» Provided data:
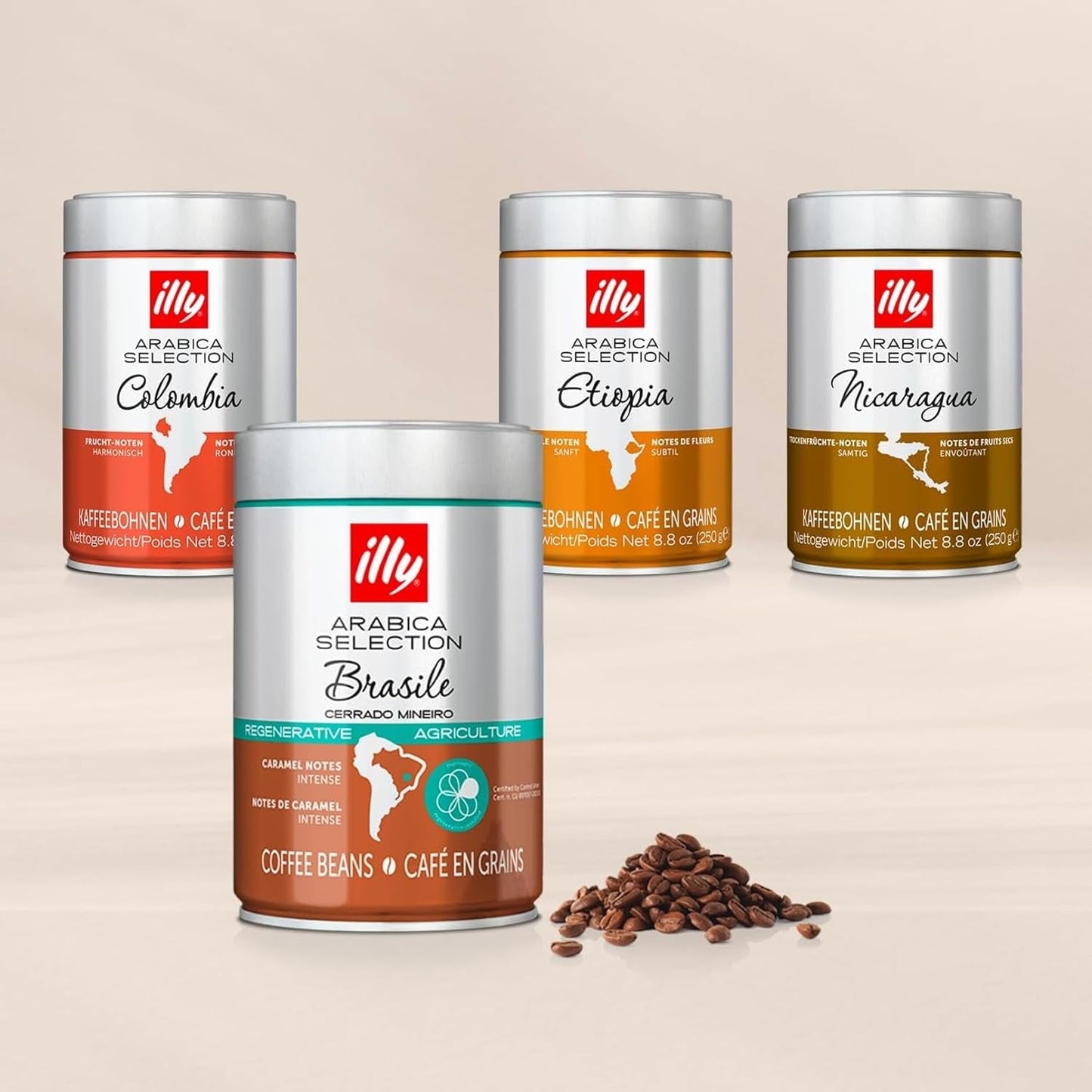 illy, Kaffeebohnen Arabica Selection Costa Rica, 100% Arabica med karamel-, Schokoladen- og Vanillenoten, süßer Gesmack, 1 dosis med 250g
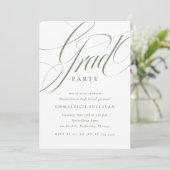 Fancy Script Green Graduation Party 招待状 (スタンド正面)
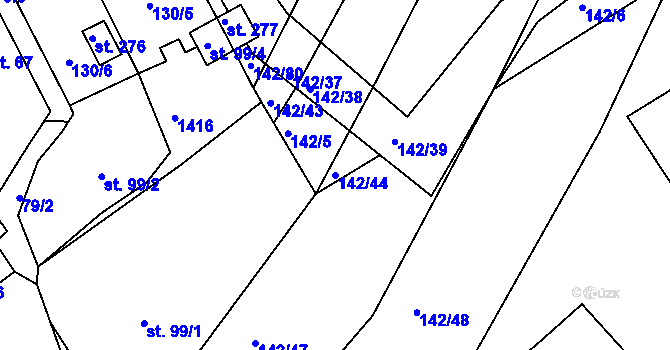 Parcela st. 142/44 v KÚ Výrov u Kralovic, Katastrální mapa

» Exercise prompt:
Write out the material above exactly; no pictures.

» Written solution:
 illy, Kaffeebohnen Arabica Selection Costa Rica, 100% Arabica med karamel-, Schokoladen- og Vanillenoten, süßer Gesmack, 1 dosis med 250g
 Fancy Script Green Graduation Party 招待状 (スタンド正面)
 Parcela st. 142/44 v KÚ Výrov u Kralovic, Katastrální mapa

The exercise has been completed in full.